== Dataset records ==

——————————

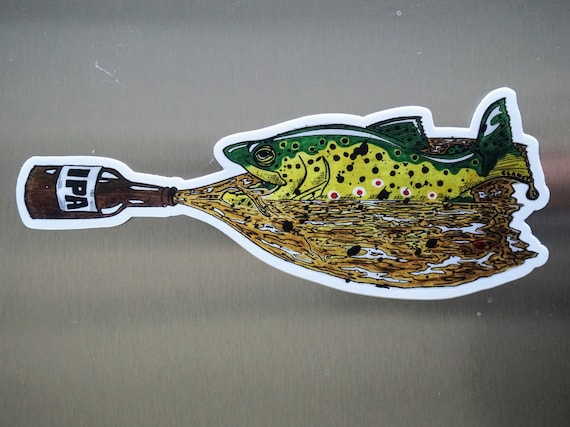 River of Beer Brown Trout Sticker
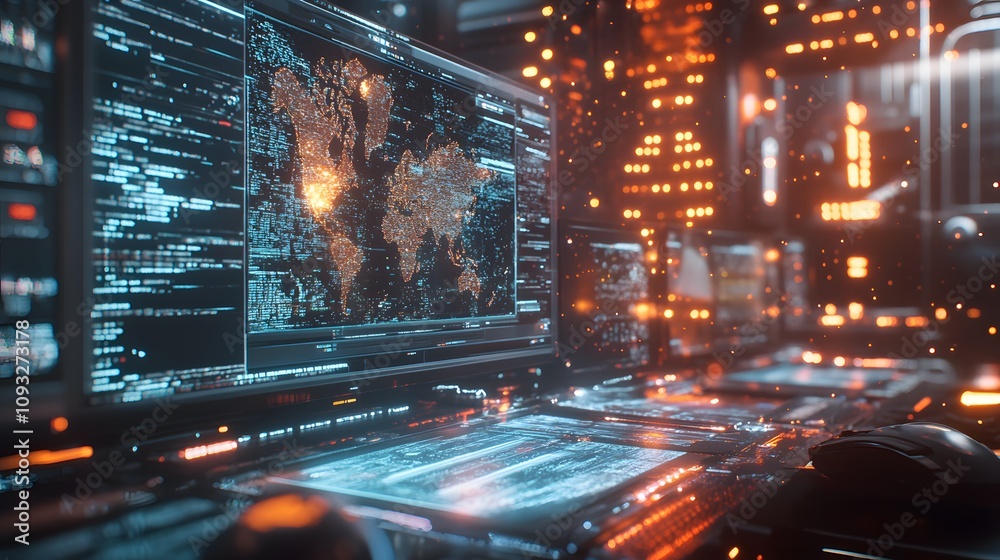 Poster A remote team refining 3D glowing digital workflows and 2D real-time communication tools. 4k resolution, Cinematic Scene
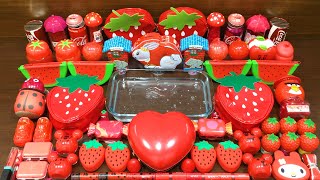 Series Red Strawberry Slime Mixing Random Things Into Clear Slime Satisfying Slime Videos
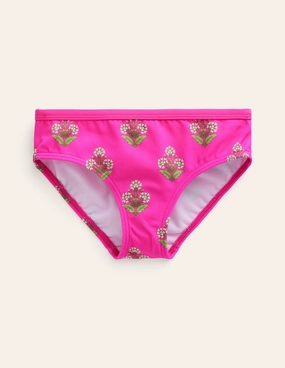 Outdoor Swim Adjustable Drawcord Patterned Bikini Bottoms-Pink Small Woodblock
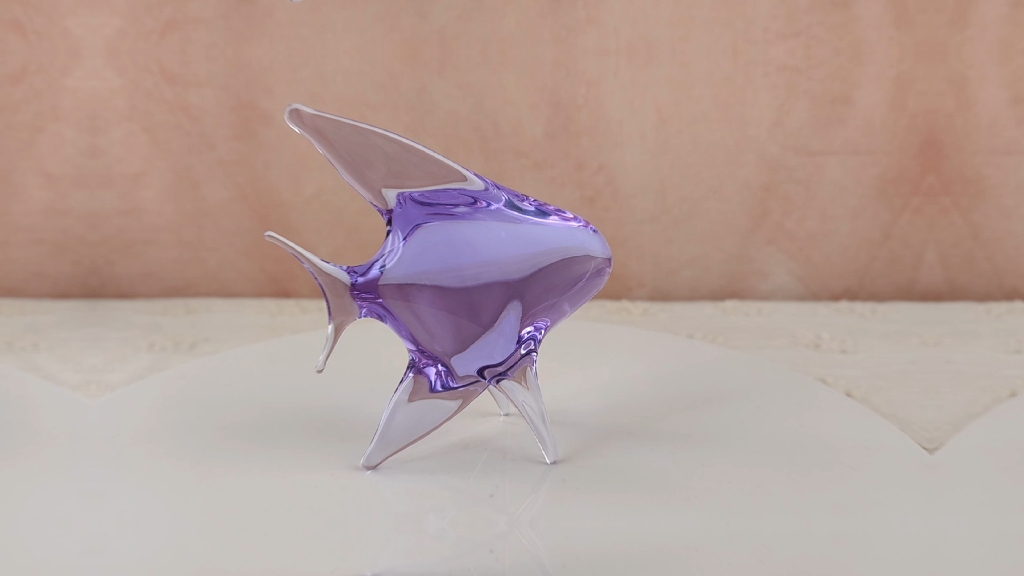 意大利手工制作紫色玻璃鱼中古装饰摆件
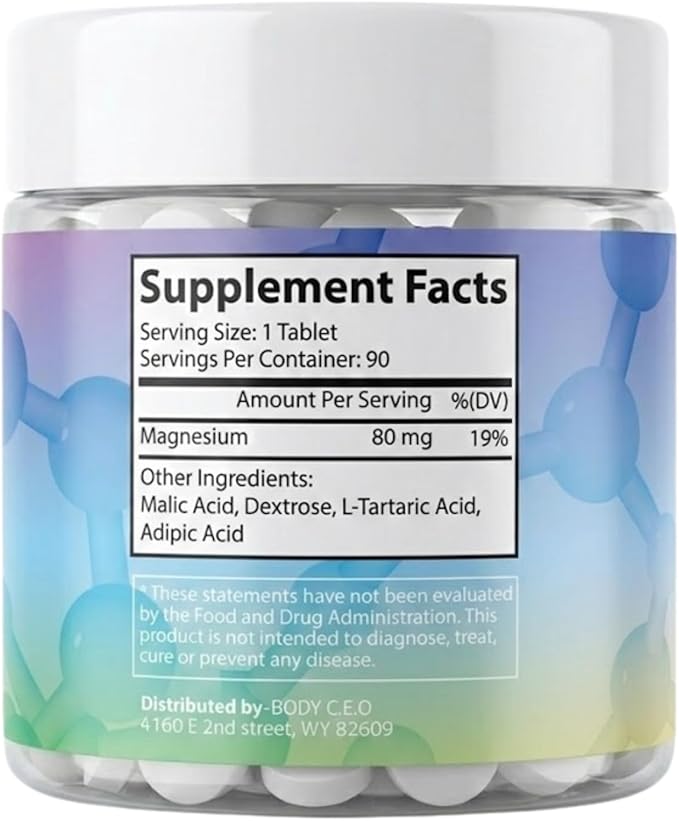 Body C.E.O. Hydrogen Water Tablets with Magnesium | Molecular Hydrogen Tablets for Drinking Water | Supports Energy Focus &amp Antioxidant Balance | Vegan &amp Gluten Free Supplement| 90 Count (Unfl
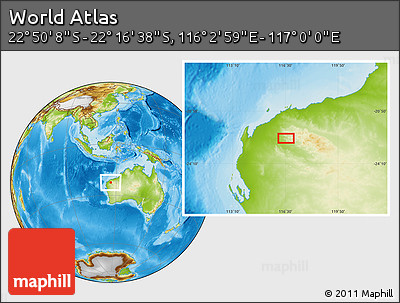 Physical Location Map of the Area around 22° 33' 23" S, 116° 31' 30" E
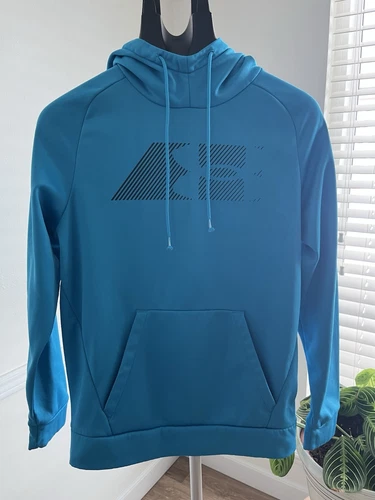 Under Armour Bright Neon Blue Black Logo Mens Size S Sweatshirt Hoodie Loose Fit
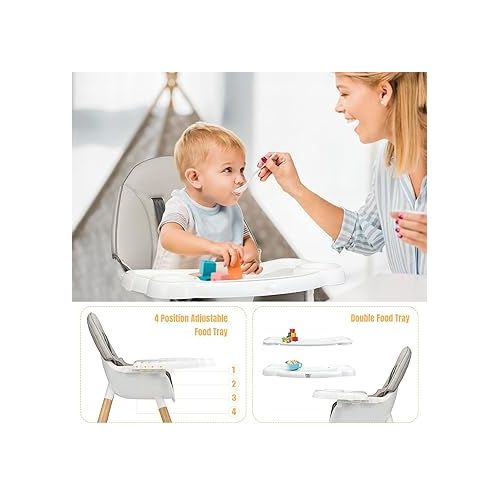  HONEY JOY Baby High Chair, 5-in-1 Convertible Wooden Highchair for Babies and Toddlers/Table and Chair Set/Booster Seat/Toddler Chair with Safety Harness, 4-Position Removable Feeding Tray (Gray)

——————————

== EXERCISE GOAL ==
Leave the pictures aside and print exactly, and only, the lines from the one with "Body C.E.O. Hydrogen" through the end of the data, both included.

== WRITTEN SOLUTION ==
 Body C.E.O. Hydrogen Water Tablets with Magnesium | Molecular Hydrogen Tablets for Drinking Water | Supports Energy Focus &amp Antioxidant Balance | Vegan &amp Gluten Free Supplement| 90 Count (Unfl
 Physical Location Map of the Area around 22° 33' 23" S, 116° 31' 30" E
 Under Armour Bright Neon Blue Black Logo Mens Size S Sweatshirt Hoodie Loose Fit
  HONEY JOY Baby High Chair, 5-in-1 Convertible Wooden Highchair for Babies and Toddlers/Table and Chair Set/Booster Seat/Toddler Chair with Safety Harness, 4-Position Removable Feeding Tray (Gray)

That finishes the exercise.